Trichodesmium aggregation collapse inevitably leads to changes in the physical and chemical conditions of seawater that likely impact associated microbial communities. Previous studies have found a wide diversity of organisms associated with Trichodesmium colonies and Trichodesmium aggregations. Bacterial abundance on Trichodesmium filaments is threefold higher per unit volume than abundance in the surrounding water (O'Neil & Roman, 1992; Sheridan et al., 2002), and the taxonomic structure of communities associated with Trichodesmium is different than typical open ocean bacterioplankton (Hewson et al., 2009). Like algal blooms, collapse of surface aggregations of Trichodesmium causes large pulses of dissolved and particulate organic matter from dying Trichodesmium cells, leading to a shift in the sources of C and N available for co-occurring microorganisms (Rodier & Le Borgne, 2010). In addition, collapse and disappearance of Trichodesmium colonies reduces the availability of physical surfaces onto which associated microorganisms may aggregate. The large chemical and physical perturbations caused by Trichodesmium death may lead to a shift in the activity of associated microorganisms and their viruses.

The aims of the current study were twofold. Firstly, this study used high-throughput sequencing of the virus fraction of Trichodesmium aggregations upon collapse to examine the taxonomic structure of the associated viral consortia. This study compared viruses present after Trichodesmium aggregations were chemically treated (mitomycin C) to induce lysogenic viruses to the viral consortia present after containment-induced Trichodesmium lysis. The second goal was to investigate potential viruses of Trichodesmium within these incubations. Results of sequence analyses suggest that viruses capable of infecting many different phylogenetic groups were present in the treated and untreated incubations. Phages of bacterial groups previously found in association with Trichodesmium were detected, and differences in relative representation of viral consortia between mitomycin C-treated and untreated incubations suggest that viruses that arose in response to Trichodesmium lysis without chemical treatment were different than the viruses induced due to mitomycin C addition. The overall similarity between mitomycin C-treated and mitomycin C-untreated incubations, however, suggests that Trichodesmium demise may cause lysogenic induction even when no lysogen is added. No single viral genotype resembling known cyanophage made up a significant proportion of these libraries, and thus no definitive virus of Trichodesmium could be identified, leaving room for further inquiry into the cause of rapid Trichodesmium collapse.
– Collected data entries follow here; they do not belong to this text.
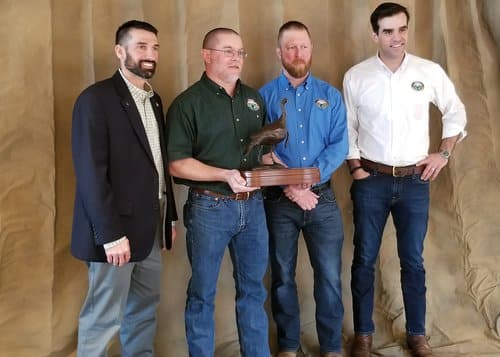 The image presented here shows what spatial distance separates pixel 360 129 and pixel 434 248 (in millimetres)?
820

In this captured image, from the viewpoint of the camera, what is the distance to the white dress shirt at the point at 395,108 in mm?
2174

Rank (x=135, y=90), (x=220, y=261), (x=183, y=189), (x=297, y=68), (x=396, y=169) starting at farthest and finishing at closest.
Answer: (x=183, y=189) → (x=396, y=169) → (x=297, y=68) → (x=220, y=261) → (x=135, y=90)

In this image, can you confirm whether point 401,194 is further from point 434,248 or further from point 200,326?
point 200,326

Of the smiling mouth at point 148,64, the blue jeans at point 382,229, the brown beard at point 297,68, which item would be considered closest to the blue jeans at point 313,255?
the blue jeans at point 382,229

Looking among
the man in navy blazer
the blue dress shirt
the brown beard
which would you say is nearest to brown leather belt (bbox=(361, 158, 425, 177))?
the blue dress shirt

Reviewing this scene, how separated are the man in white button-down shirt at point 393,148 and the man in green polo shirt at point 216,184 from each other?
1.73 feet

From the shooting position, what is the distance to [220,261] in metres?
1.90

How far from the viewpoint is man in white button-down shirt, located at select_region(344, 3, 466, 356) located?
7.11 ft

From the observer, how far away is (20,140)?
1.94m

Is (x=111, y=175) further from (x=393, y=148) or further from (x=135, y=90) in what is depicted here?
(x=393, y=148)

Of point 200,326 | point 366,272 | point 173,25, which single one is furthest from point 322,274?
point 173,25

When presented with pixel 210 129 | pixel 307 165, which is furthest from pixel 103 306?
pixel 307 165

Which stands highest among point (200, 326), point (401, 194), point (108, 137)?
point (108, 137)

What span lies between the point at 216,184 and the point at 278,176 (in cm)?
23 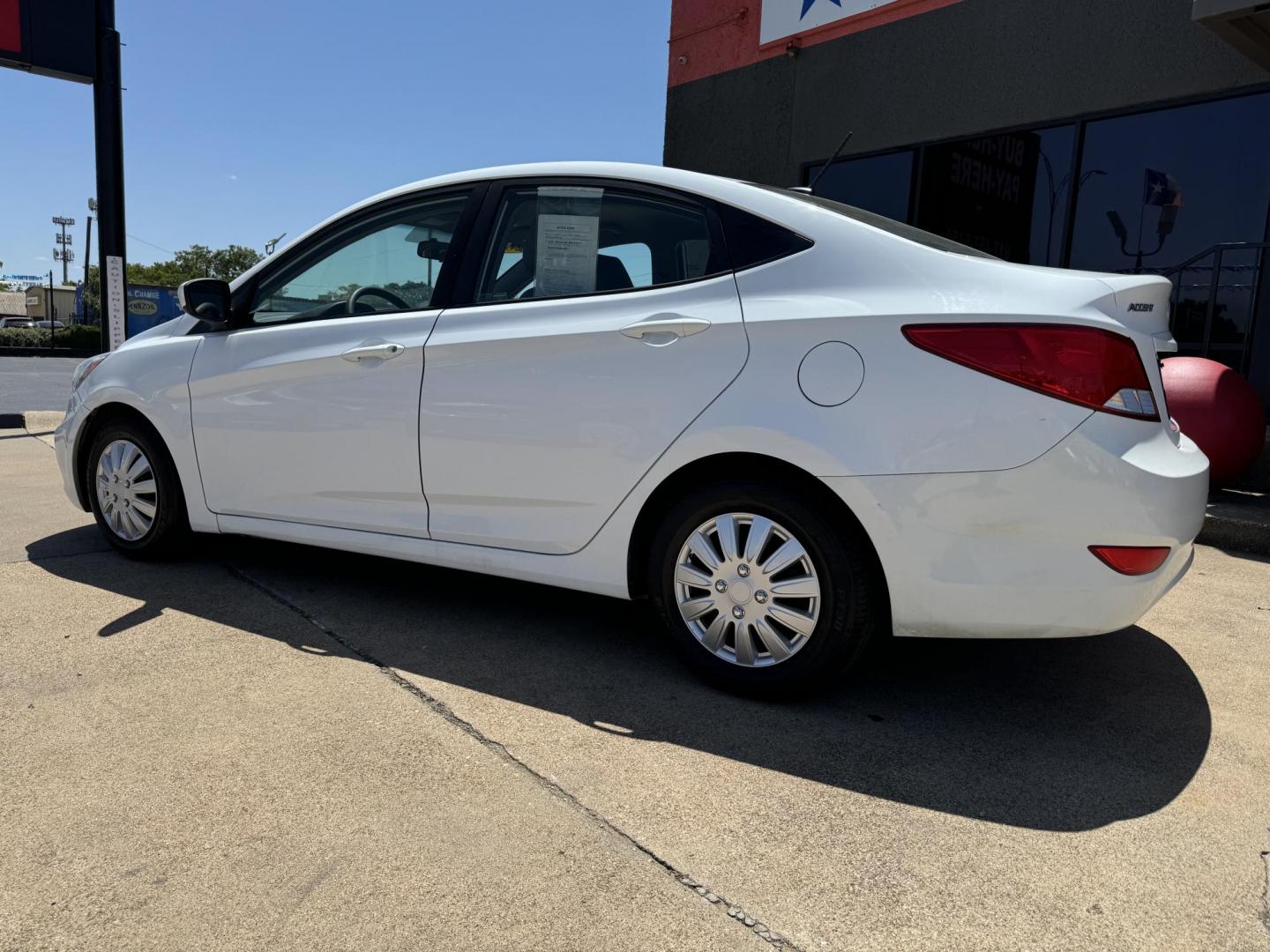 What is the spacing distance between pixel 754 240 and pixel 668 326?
1.24 feet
Sample collection and experimental setup

Experiments were conducted in the eastern Gulf of Mexico onboard the R/V Pelican cruise EK0001, 6–10 October 2009. Trichodesmium colonies were collected at 2 stations: The mouth of Tampa Bay (27°32′ 50″N, 82° 46′ 55″W) and station 9B (26°25′44″ N, 82°30′58″W), both on the West Florida Shelf. These stations were chosen because dense Trichodesmium aggregations were visible at the water surface. Trichodesmium were obtained using a 1-m-diameter, 125-μm mesh plankton net that was towed behind the vessel for 5 min to collect colonies. Trichodesmium collected by net tow were further concentrated over a 10-μm Isopore (PC, Millipore) filter and resuspended in 250 mL of 10 μm – filtered seawater in acid-washed and seawater rinsed polycarbonate bottles. At the Tampa Bay station, collected water was split into two incubations and mitomycin C was added (20 ng mL−1, final concentration) to one of the incubations, while the other incubation was left untreated. A third incubation with mitomycin C added was conducted at station 9B.
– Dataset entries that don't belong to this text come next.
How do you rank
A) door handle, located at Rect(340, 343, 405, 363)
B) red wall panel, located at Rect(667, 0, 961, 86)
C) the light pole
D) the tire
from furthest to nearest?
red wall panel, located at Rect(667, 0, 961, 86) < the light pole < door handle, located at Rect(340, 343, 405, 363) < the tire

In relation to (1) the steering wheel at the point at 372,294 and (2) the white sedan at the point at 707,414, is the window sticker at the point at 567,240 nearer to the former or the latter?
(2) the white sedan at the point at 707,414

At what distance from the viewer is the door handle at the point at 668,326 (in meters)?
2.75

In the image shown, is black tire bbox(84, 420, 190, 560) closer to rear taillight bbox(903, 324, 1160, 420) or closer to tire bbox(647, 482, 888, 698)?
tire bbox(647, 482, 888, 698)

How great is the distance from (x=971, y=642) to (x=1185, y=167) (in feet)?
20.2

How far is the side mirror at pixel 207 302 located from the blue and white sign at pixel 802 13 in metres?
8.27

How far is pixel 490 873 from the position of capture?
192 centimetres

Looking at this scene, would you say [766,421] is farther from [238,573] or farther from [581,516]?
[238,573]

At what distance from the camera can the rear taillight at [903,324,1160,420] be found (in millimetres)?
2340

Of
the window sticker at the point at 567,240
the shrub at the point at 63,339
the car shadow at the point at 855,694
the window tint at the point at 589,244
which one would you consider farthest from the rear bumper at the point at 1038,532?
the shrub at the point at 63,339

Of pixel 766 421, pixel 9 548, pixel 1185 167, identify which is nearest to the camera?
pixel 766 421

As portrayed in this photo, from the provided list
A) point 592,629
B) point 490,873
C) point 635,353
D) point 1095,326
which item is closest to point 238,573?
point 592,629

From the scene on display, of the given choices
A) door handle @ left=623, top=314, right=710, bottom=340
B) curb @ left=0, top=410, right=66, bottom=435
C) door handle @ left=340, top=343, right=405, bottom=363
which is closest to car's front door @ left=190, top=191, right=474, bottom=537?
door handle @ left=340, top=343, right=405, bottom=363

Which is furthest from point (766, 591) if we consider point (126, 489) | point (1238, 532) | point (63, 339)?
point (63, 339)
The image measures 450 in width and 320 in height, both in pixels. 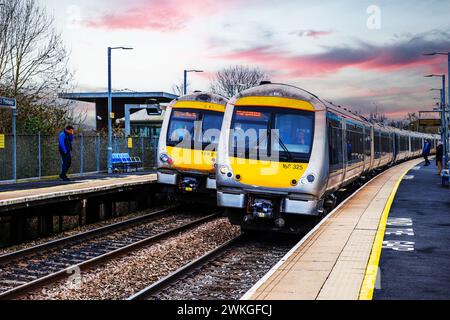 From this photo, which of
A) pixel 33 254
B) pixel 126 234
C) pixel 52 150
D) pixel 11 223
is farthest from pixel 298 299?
pixel 52 150

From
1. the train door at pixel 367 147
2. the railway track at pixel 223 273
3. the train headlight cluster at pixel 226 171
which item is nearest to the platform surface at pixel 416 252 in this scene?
the railway track at pixel 223 273

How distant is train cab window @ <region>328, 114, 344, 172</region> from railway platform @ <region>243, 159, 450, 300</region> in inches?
46.9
Trichodesmium were incubated in flow-through outdoor incubators to maintain ambient surface water temperature and subject to 25% attenuated irradiance under shade cloth for 12 h. After 12 h, Trichodesmium colonies in all incubations were green and the water pink, indicating the presence of cyanobacterial phycoerythrin in the water and thus Trichodesmium death. The entire incubation was filtered through 0.2-μm Durapore (PVDF; Millipore) filters, and the filtrate was transferred to sterile 50-mL tubes, which were frozen in liquid nitrogen until further analysis. Filtration through a 0.2-μm filter is necessary to remove bacteria and other large debris, but may have biased the composition of our metaviromic data sets because some viruses are around this size threshold, such as some phycodnaviridae (Simpson et al., 2003) as well as long-tailed siphoviridae (Sullivan et al., 2009).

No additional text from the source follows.